_Your task_
Starting from the line with "1976 Press Photo" and going up to and including the line with "The Concept of", copy the listing below exactly. Leave all images out.

[Records for the task — start]

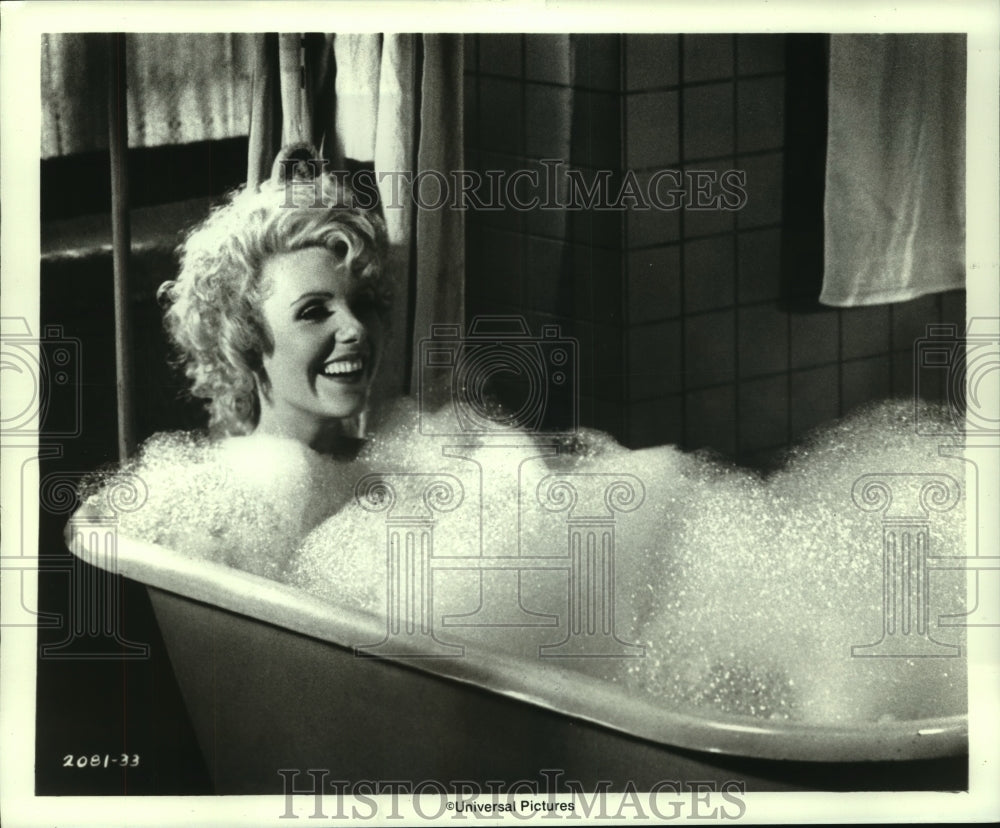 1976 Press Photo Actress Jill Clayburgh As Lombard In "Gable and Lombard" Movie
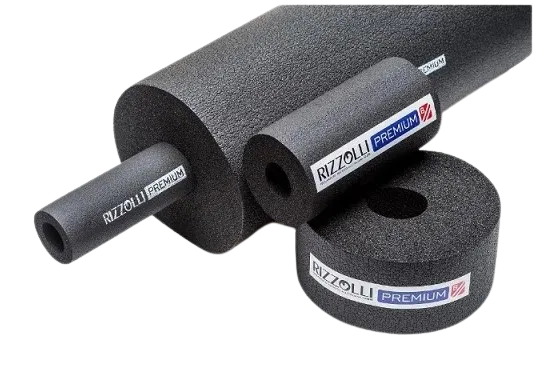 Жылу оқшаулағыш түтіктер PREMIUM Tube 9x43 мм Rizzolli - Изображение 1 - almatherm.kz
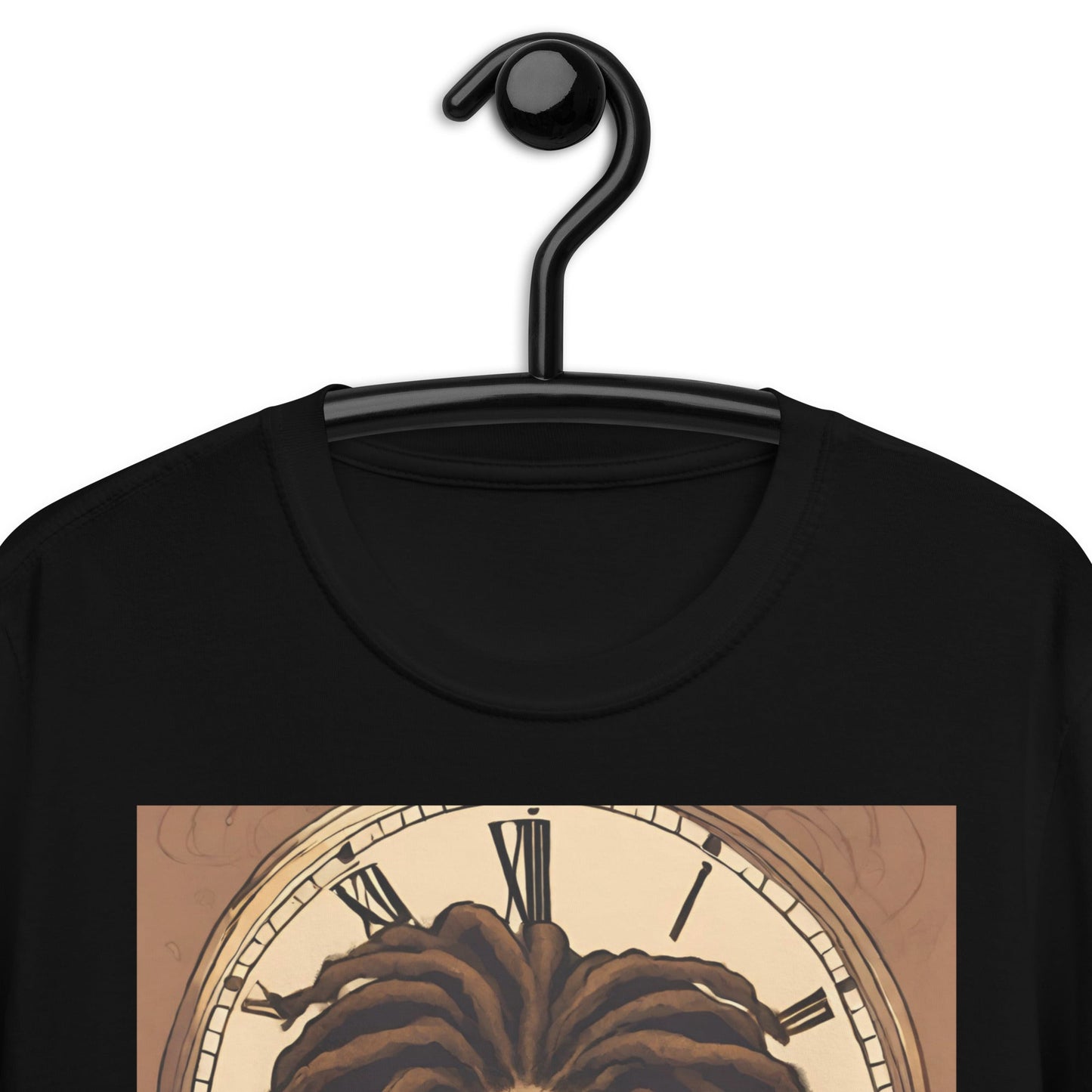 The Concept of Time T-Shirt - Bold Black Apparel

[Records for the task — finish]
[Records for the task — start]

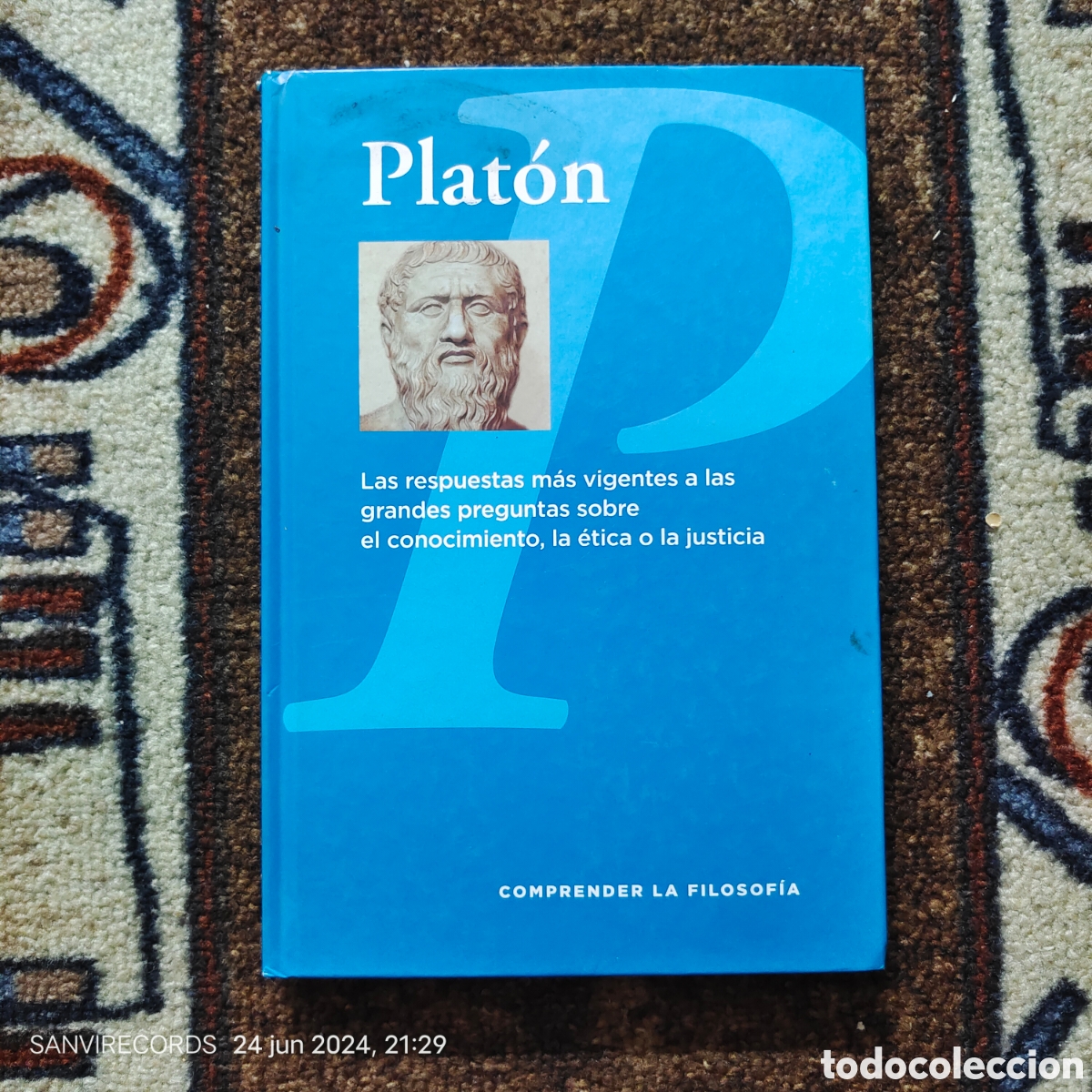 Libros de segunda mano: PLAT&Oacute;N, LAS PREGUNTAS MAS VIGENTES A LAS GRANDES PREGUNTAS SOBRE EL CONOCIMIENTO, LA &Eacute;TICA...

[Records for the task — finish]

_Written reply_
 1976 Press Photo Actress Jill Clayburgh As Lombard In "Gable and Lombard" Movie
 Жылу оқшаулағыш түтіктер PREMIUM Tube 9x43 мм Rizzolli - Изображение 1 - almatherm.kz
 The Concept of Time T-Shirt - Bold Black Apparel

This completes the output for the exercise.